- **WHAT TO WORK ON**
An exact transcription of the lines from the one holding "Lampe à poser" to the end of the entries below, and nothing more, is the required answer. Please omit the pictures.

- **TASK DATA**

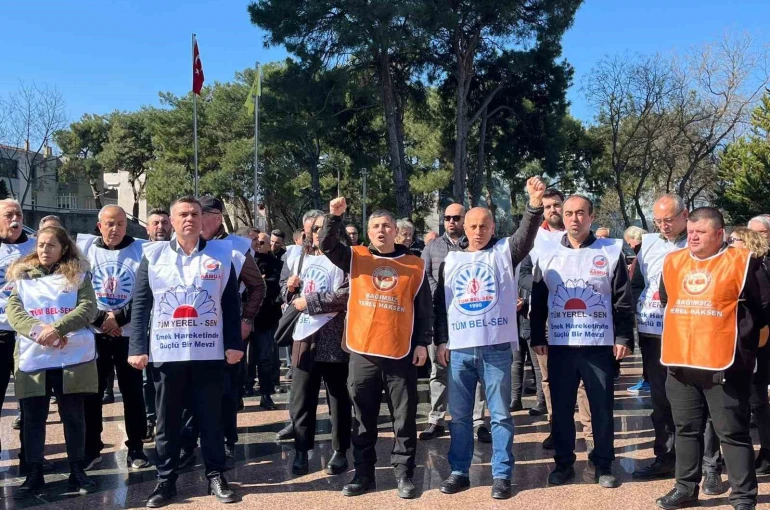 Buca Belediyesinde memurların ’alacak’ eylemi sürüyor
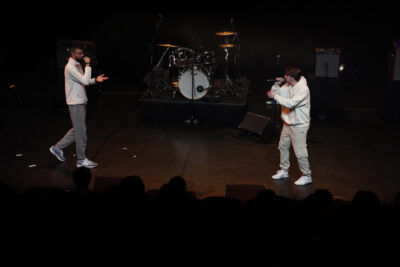 Groupe chanteurs finale tremplin jeunes talents 2024 - Agrandir l'image 8 sur 13, fenêtre modale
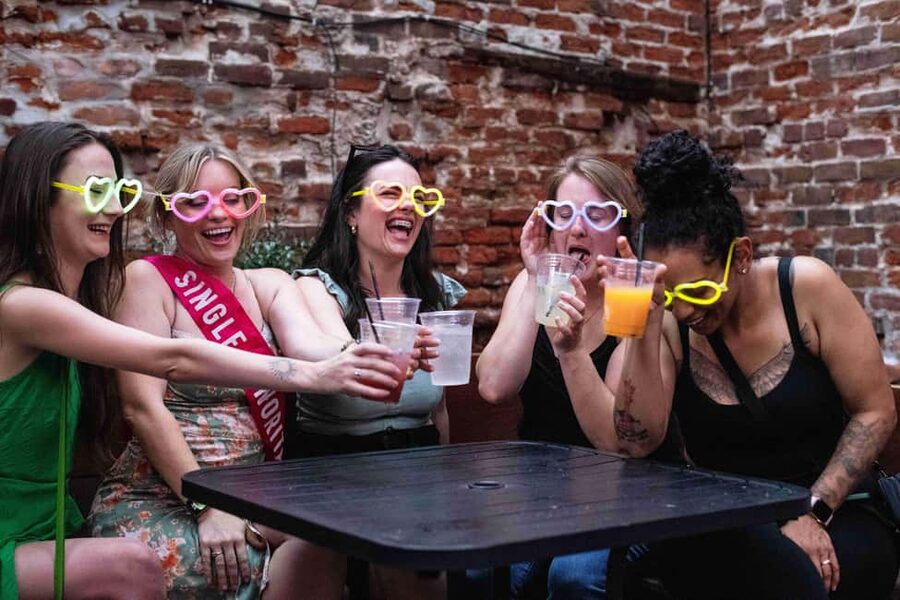 Salem: Boos and Brews Haunted Pub Crawl - Who should book this Salem night walk?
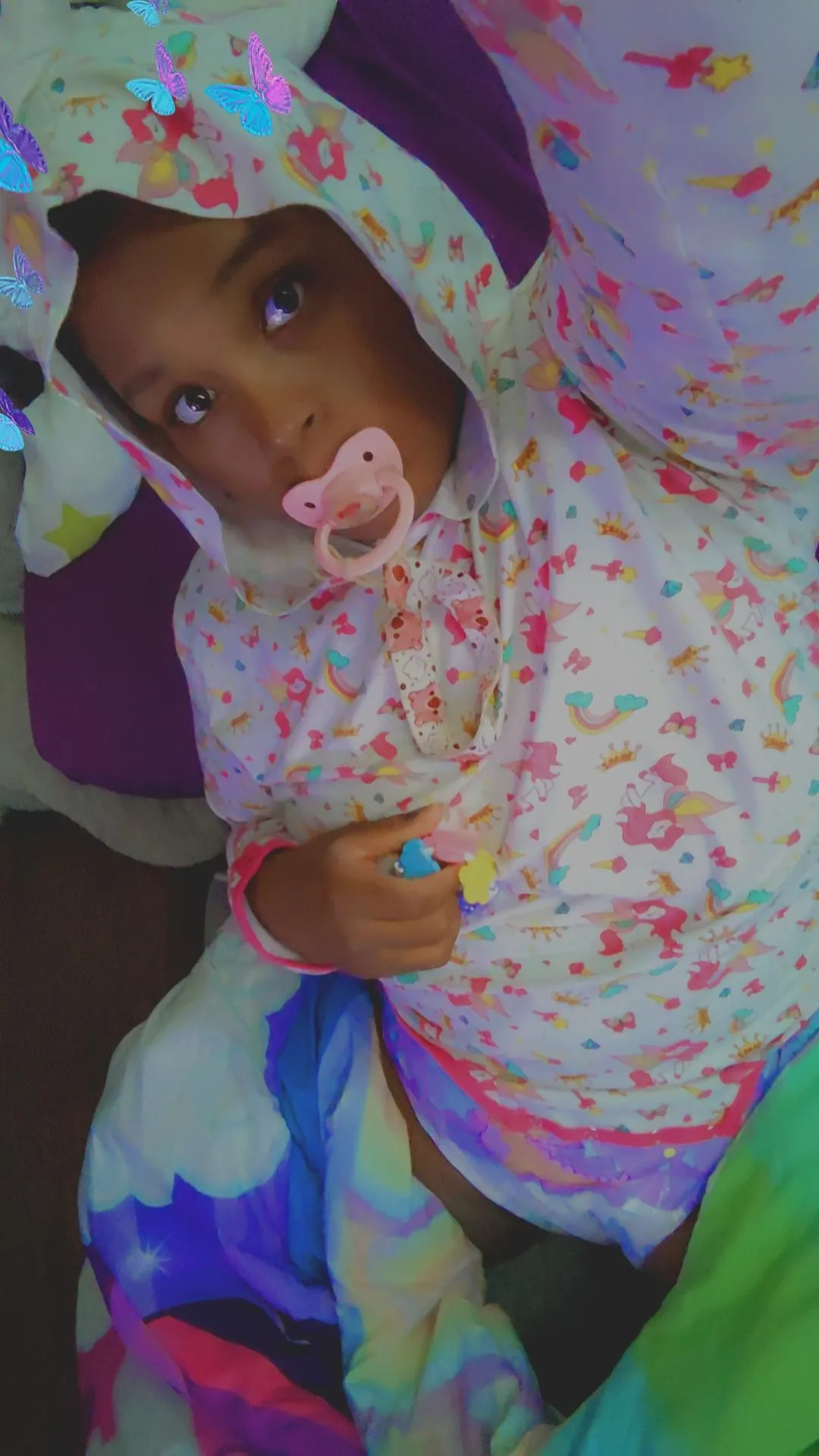 Happy Saturday everyone 🍼🧸🩷👀🍭 diapered dry and cozy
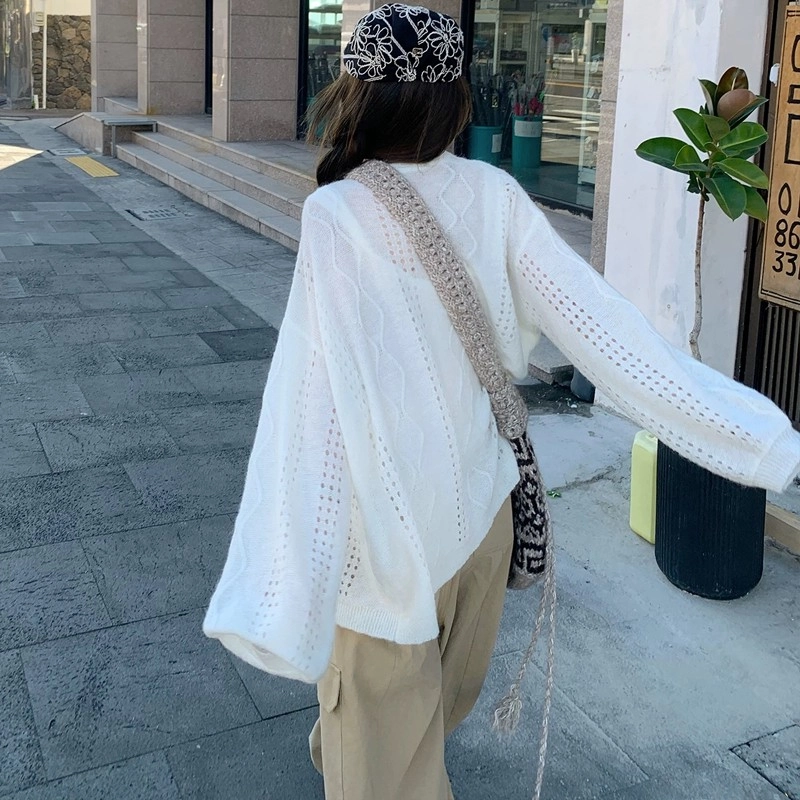 White Flower Embroidered Button-Up Cardigan | Yeosang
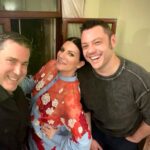 Tiziano Ferro Instagram - Orgoglioso. Quanto abusiamo di questa parola ultimamente. Sei un esempio di talento, determinazione, visione, mi hai aiutato tanto quando ero piccolo e confuso e questo non lo dimenticherò mai. Brava amica mia! Perché il premio é tuo, a prescindere. E no, in questo caso non è dire troppo: sono orgoglioso di te! ( Per evitare controversie ci tengo a dire che i presenti nella foto erano, in ordine sparso: tamponati, vaccinati o entrambe le cose ). - Proud. Such an abused word. You’re an example of real talent, determination, vision, you were there for me when I was young and confused and I will never forget that. Brava, my friend! This prize is yours, no matter what. And no, this time It’s not exaggerated: I’m proud of you! ( All the people in this picture are: tested, vaccinated or all of the above ) - Orgullo. Una palabra tan abusada. Eres un ejemplo de talento, visión, determinación, estuviste a mi lado cuando yo era joven y confundido y nunca lo olvidaré. Brava, amiga! El premio es tuyo de todas formas. Y no, esta vez no es decir demasiado: soy orgulloso de ti! ( Pare evitar dudas quiero aclarar que los de la foto están todos controlados, vacunados o las dos cosas ) @laurapausini @vicallenla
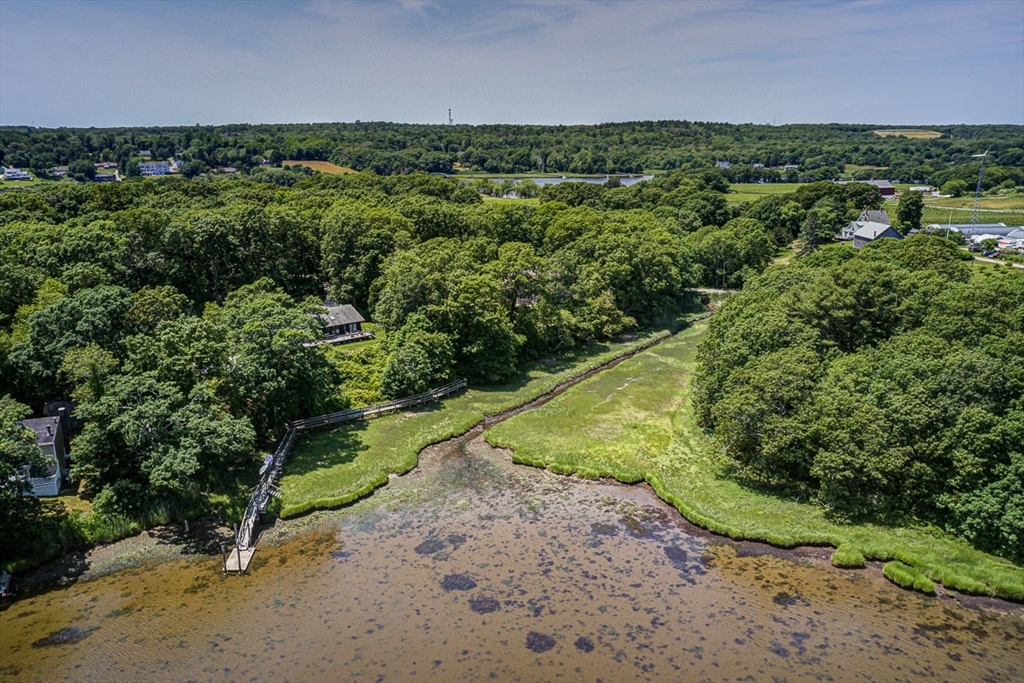 136 Cadmans Neck Road Westport, MA 02790 - Photo 38 of 41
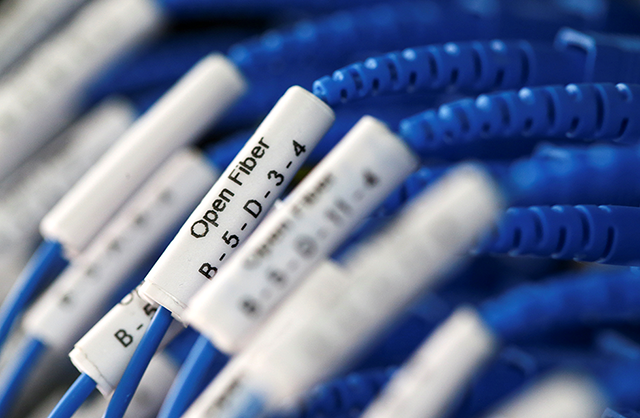 Optical fiber cables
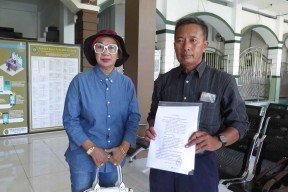 Utang Tak Kunjung Dibayar, Darmiati Tansilong Datangi PN Sidoarjo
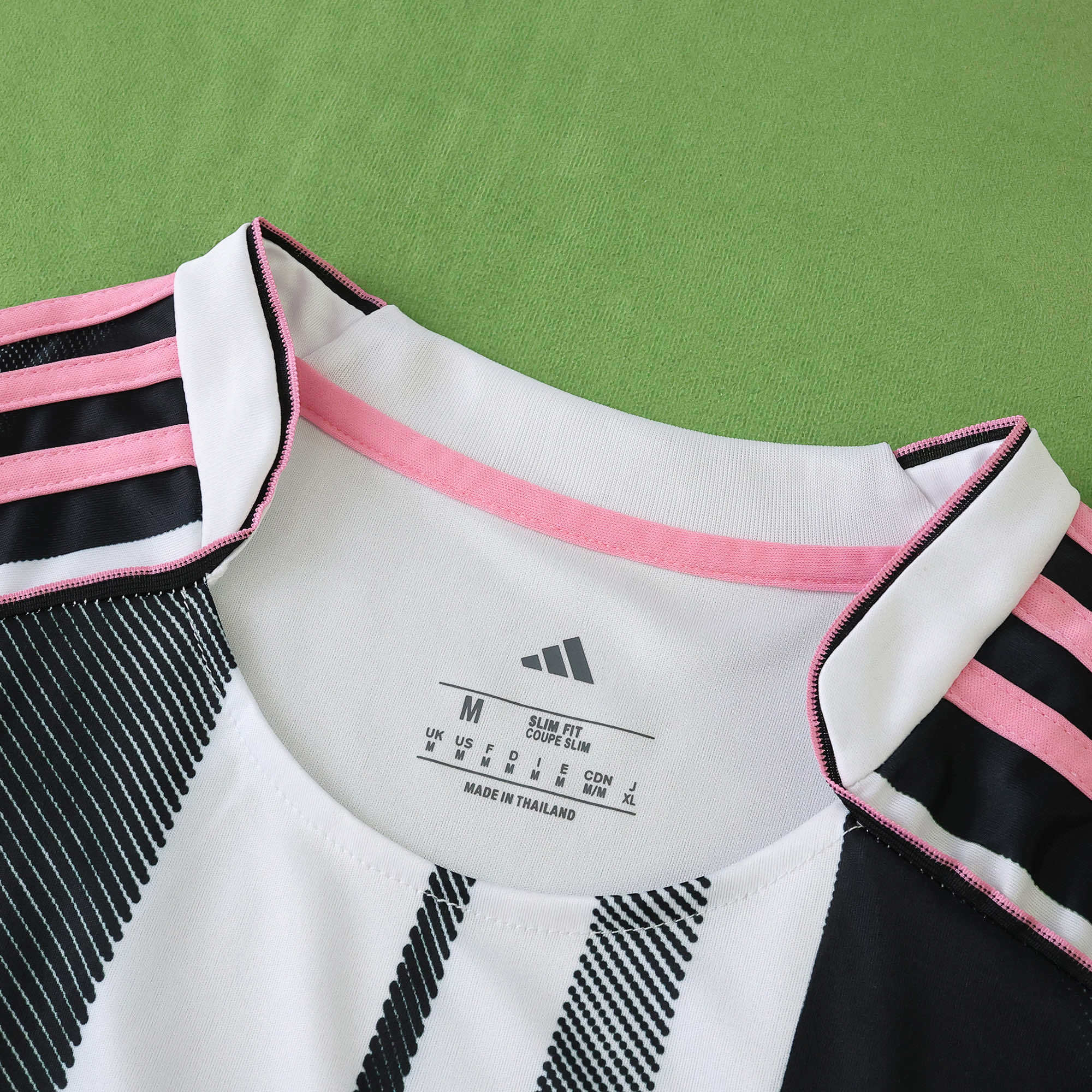 Camisola principal Juventus 25/26 - Versão adepto 6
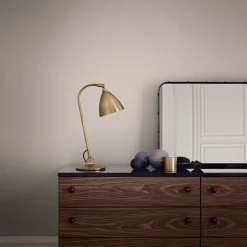 Lampe à poser en métal chromé et noir bestlite 50 cm BL2 - Gubi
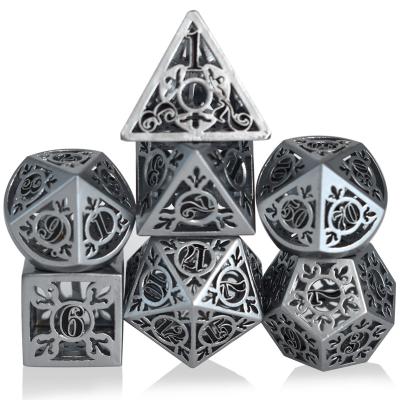 China DND Games Amazon Hot Sale Factory Wholesale Dice Set Polyhedral Custom Logo Custom Dice Dies Set 7 DND Dice for sale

- **YOUR SOLUTION**
 Lampe à poser en métal chromé et noir bestlite 50 cm BL2 - Gubi
 China DND Games Amazon Hot Sale Factory Wholesale Dice Set Polyhedral Custom Logo Custom Dice Dies Set 7 DND Dice for sale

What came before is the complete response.